I will be heading out to Yosemite in mid-March, and was wondering if there were any "must-shoot" locations I should include while there.  I would really like shots of a waterfall, a lake, a mountain peak, a sunset/sunrise.  I'd like to take some from different locations, so they're not just your same-old-everyday shots of the Park.  Thanks.


----------



## Jeff Canes (Feb 12, 2009)

How much snow did the park get this year?  I was there in March of 2004, I recall that being a heavy snow year.  At that time only the southwest road in to village was open to cars without chains. The parts of the north road were open only to skiers and snowmobiles


----------



## EasternSierra (Feb 18, 2009)

It's been snowing heavily on the eastern slope of the Sierras over the last 2 weeks.  And by heavily I mean that 2 weeks ago...we had about 80 inches of snowpack in the mountains.  Today, we have about 185 inches.  

So if you are heading to the Valley from the south or west side of the mountains, you *should* be OK.  The valley floor sits between 2,000 and 4,000' in elevation, so the snow *should* be minimal in the valley, giving you access to all of the classic valley shots...El Cap, Half Dome, the Merced River, Bridalveil and Yosemite Falls...all *should* be accessible from the west side in mid-March.

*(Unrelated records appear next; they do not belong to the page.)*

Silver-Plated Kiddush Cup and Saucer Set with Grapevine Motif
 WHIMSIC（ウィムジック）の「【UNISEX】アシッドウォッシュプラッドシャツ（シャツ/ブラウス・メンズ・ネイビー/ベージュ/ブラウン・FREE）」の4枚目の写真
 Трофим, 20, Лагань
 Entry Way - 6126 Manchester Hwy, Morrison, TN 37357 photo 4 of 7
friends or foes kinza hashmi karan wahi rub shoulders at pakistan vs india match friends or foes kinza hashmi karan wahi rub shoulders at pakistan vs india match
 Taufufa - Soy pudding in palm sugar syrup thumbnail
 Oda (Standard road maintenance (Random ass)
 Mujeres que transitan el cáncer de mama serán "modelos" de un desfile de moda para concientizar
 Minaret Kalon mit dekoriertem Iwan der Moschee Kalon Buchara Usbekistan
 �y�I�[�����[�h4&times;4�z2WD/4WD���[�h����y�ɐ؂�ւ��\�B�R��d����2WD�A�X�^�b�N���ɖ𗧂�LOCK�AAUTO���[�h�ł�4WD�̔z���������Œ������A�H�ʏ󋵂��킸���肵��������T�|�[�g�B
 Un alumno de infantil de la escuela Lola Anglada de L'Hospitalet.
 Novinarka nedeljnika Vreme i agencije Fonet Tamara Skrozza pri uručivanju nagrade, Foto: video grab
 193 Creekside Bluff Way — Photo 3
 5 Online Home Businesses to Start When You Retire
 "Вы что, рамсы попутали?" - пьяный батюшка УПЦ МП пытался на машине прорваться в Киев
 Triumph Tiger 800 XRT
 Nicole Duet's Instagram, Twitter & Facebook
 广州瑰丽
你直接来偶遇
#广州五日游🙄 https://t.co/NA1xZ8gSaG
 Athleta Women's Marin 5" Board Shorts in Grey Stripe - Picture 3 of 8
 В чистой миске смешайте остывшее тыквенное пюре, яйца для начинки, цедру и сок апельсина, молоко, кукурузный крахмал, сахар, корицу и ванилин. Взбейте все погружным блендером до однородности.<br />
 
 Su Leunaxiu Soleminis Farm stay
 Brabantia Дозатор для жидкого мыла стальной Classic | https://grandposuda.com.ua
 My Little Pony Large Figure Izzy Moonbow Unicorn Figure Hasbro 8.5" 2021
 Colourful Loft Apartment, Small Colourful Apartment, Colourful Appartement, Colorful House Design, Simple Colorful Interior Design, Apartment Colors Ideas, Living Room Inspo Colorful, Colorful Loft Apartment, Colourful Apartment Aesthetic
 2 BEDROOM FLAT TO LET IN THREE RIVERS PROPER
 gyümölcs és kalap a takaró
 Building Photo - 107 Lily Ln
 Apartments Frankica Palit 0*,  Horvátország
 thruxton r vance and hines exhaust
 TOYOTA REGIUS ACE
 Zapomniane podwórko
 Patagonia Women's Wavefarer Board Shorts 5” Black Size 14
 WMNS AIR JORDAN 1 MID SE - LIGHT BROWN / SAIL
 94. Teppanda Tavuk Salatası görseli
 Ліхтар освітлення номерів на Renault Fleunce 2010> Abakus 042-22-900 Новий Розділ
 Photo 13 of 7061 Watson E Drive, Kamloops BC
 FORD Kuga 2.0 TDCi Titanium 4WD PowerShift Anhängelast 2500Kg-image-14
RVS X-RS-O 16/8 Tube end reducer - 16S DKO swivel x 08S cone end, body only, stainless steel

However...as a frequent visitor to the park in the summer...my favorite areas are in Tuolomne Meadows...higher elevations, and to the east of the valley.  Up in the Meadows, you're at an elevation of anywhere from 6,000' to 11,000' while still on the road, so snow pack could be an issue.  In fact...I can guarantee that highway 120 will be closed LONG before you get to Olmstead Point from the west, and will remain so until mid-June at the earliest.

IMO...that's where you will find your best photo ops.  Wildlife in the meadows in June is tough to beat.  Plus, you have the large and meandering Tuolomne river... not to mention the ALWAYS photogenic Dana Fork of the Tuolomne River.

Just some logistical points to consider on your trip.  In mid-March, you're most likely going to be limited to the valley floor due to snow and road closures.  So your best opportunities are going to be to capture new perspective on the old favorites...


----------



## Sydkid (Feb 19, 2009)

Thanks for the advice.  I figured I'd be pretty limited to the Valley floor, but that is okay with me.  I am still quite a newcomer and figured there'd be enough in the Valley to keep my attention.  Thanks for the list of locations to check out - that will help narrow things down.  I heard they just got dumped with snow this last week (as did we here in UT), so hopefully some of that will last until March.


----------



## EasternSierra (Mar 2, 2009)

Sydkid said:


> Thanks for the advice. I figured I'd be pretty limited to the Valley floor, but that is okay with me. I am still quite a newcomer and figured there'd be enough in the Valley to keep my attention. Thanks for the list of locations to check out - that will help narrow things down. I heard they just got dumped with snow this last week (as did we here in UT), so hopefully some of that will last until March.


 It's snowing above 7,000' right now, so most of the upper elevations *should* be covered when you get there...


----------